もちろん授業として子どもたちに必要な情報をつかませることを意図している。
私は視聴時、ディスプレーと子どもたちの顔を交互に見ている。どんな顔をしているか見ている。私には4つのタイプが見える。
(A)目をくりくり動かしていつもより活気づくタイプ
(エンパワータイプ)
(B)目がとろんとして、口が半開きで脱力してしまうタイプ。
(オープンマウスタイプ)
(C)目を下、上と交互に動かしながら何かいじりながら見るタイプ
(インターバルタイプ)
(D)目をそらさず見ているが、いつもより無表情になるタイプ。
(ブランクタイプ)
ちなみにテレビっ子のはしりであった私は(C)の手遊びタイプである。
手を動かしながら聞き、面白そうな時だけディスプレイに目をやるのだが、すぐ飽きるのでまた目を手元に戻す。私の母親は小学校の個人懇談の際によく「集中力に欠けますね」と注意されたらしい。基本的に今もそれは変わらないようである。
現在はテレビっ子と呼ばれた年代が親となり、また急速な情報化によって子どもたちは赤ちゃんの頃からずっとメディアに親しんでいる、というか脳が染められている。
ぐずればビデオ。
留守番もビデオ。
学習は教育テレビ。
家族団らんはテレビドラマ。
遊びはテレビゲーム。
外に出ても携帯ゲーム。
コミュニケーションは携帯メール。
まるでディスプレイがペットみたいにかわいいようだ。
そのうちにすりすりする子が出るかもしれない。
以前、わが子を保育園に預けていた時とても驚いた。夕方になってわが子を迎えにいくとたくさんの幼児たちがビデオを見て上記の脱力状態(オープンマウスタイプ)だったのだ。異様な雰囲気だった。かつてお年寄り病棟に何度か行く機会があったがそこに入院している人たちの雰囲気に似ていたのだ。とても脳が活性化している状態とは思えない。さらにこの前、長時間のテレビ視聴時の脳波は認知症の人のものに酷似してくるという内容の本を読んだ。
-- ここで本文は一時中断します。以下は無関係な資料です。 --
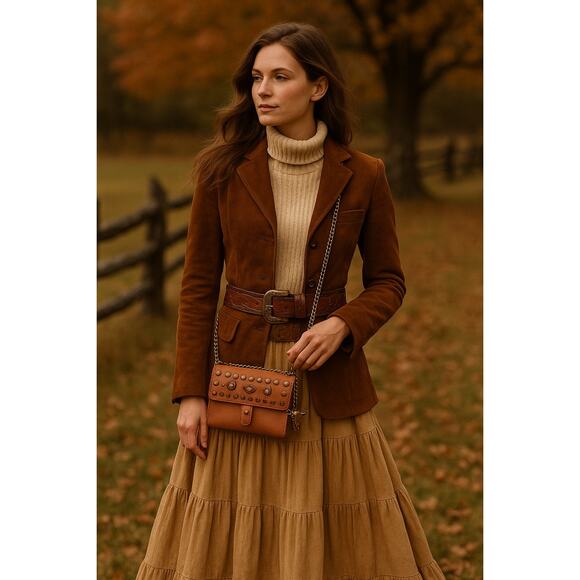 Reworked Patricia Nash Studded Italian Leather Bag w/ Brass Chain Strap & Charm - Picture 9 of 16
ほとんどの子どもたちは赤ちゃんの頃から毎日数時間、面白いことや刺激的な映像を受信し続けている。間違いなく膨大な情報を刷り込まれているはずだ。もはやディスプレイは皮膚の一部のような感触で感じているのかもしれない。これが「新テレビっ子」だ。
皮膚化したディスプレイを無理やり子どもたちから剥がすわけにはいかない。私が学級経営の中核にメディアとのかかわり方を位置付ける根拠はここにある。